Fil d'Ariane
Tout a commencé avec la publication, fin janvier par le magazine à scandales National Inquirer, de textos passionnés échangés entre Jeff Bezos et une amie au printemps 2018, soit plus de six mois avant l'annonce de la séparation de l'homme le plus riche du monde avec son épouse, MacKenzie. Jeff Bezos est propriétaire du quotidien national Washington Post et n'a pas semblé goûter cette publication de sa vie privée par ce groupe de presse concurrent. Contrarié, il a alors engagé des détectives privés pour tenter de découvrir l'origine de la fuite et déterminer si les motivations d'American Media Inc (AMI), le propriétaire du National Enquirer, allaient au-delà du scoop.

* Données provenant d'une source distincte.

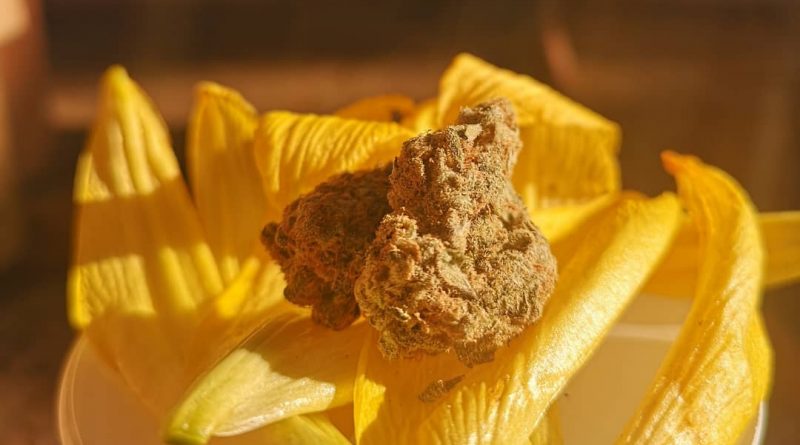 lemon z by saturday cannabis strain review by terple grapes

Inquiet de la publication d'informations issues de cette enquête, AMI a alors contacté le PDG d'Amazon pour lui demander de ne rien en faire. En contrepartie, le groupe s'engageait à ne pas utiliser des photos intimes — et potentiellement compromettantes — échangées entre lui et sa fameuse amie. En retour, Jeff Bezos a publié une tribune ce jeudi 7 fevrier 2019 sur le site Medium, dans laquelle il accuse l'hebdomadaire à scandales National Enquirer de l'avoir "menacé de publier des photos intimes s'il ne renonçait pas à enquêter sur la manière dont le titre s'est procuré des informations sur sa liaison extraconjugale". Bezos a aussi publié le contenu de lettres échangées avec AMI. Un moyen d'éviter "l'effet Streisand" bien connu d'Internet : plus vous tentez d'empêcher la diffusion de quelque chose, plus elle se multiplie (l'effet Streisand a été inventé après l'affaire impliquant la chanteuse Barbara Streisand qui tentait d'empêcher la diffusion de photos de son domaine privé sur Internet).

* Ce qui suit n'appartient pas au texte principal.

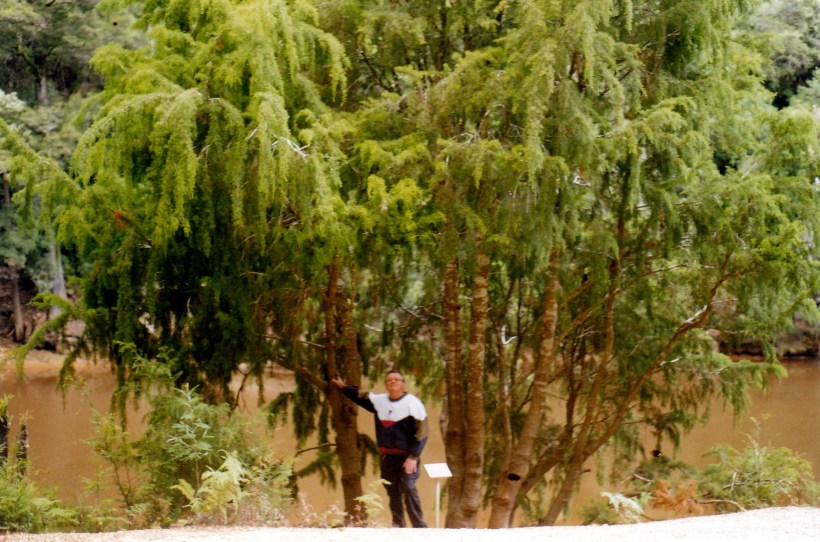 02-27-2000 huon pine king r.jpg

Sachant que les descriptions — envoyées par le National Enquire à Bezos qui les a publiées — des photos considérées compromettantes, ne le sont pas vraiment : principalement des clichés où l'homme d'affaire porte son alliance, en short, dans sa salle de bain ou de sa maîtresse en bikini, ou l'une simulant "du sexe oral avec un cigare"… Mais l'affaire n'est pas si simple, puisque Jeff Bezos est en conflit avec le président américain Donald Trump et que le PDG d'AMI est lié à l'Arabie saoudite.

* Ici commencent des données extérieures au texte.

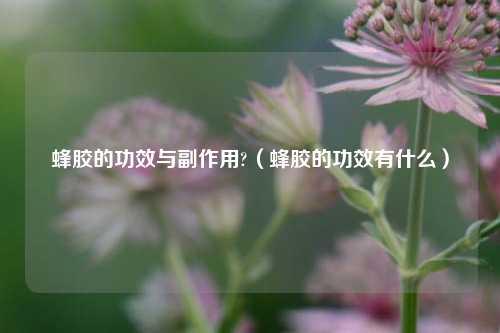 蜂胶的功效与副作用?（蜂胶的功效有什么）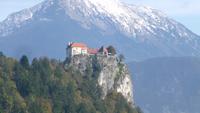 Bled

De manière détournée, il laisse entendre que les révélations le concernant publiées par le National Enquirer pourraient avoir un lien avec l'hostilité qu'affiche Donald Trump envers lui. La personne chargée de l'enquête par Jeff Bezos, Gavin de Becker, a notamment révélé s'être intéressée au frère de l'amie de Jeff Bezos, Michael Sanchez, qui compte parmi ses connaissances Roger Stone, conseiller et ami de longue date de Donald Trump.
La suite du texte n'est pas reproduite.